[[ Records supplied open ]]

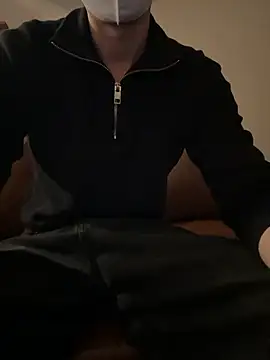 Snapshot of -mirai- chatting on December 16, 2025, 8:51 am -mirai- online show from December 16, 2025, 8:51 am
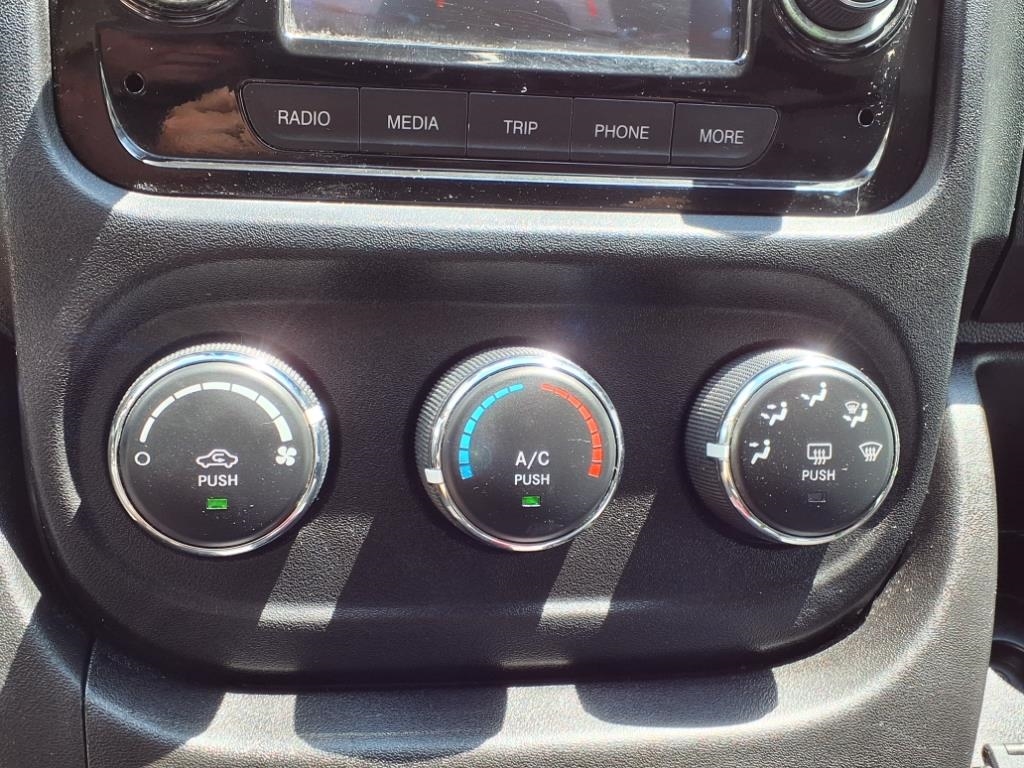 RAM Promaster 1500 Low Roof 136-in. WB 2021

[[ Records supplied closed ]]
[[ Records supplied open ]]

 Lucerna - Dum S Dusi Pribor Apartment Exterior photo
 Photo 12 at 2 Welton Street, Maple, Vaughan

[[ Records supplied closed ]]

What is needed: Look above for the line with "Lucerna - Dum" and the line with "Photo 12 at 2 Welton Street, Maple, Vaughan". Write out those two lines and all the lines between them, exactly, and no others.

Task output:
 Lucerna - Dum S Dusi Pribor Apartment Exterior photo
 Photo 12 at 2 Welton Street, Maple, Vaughan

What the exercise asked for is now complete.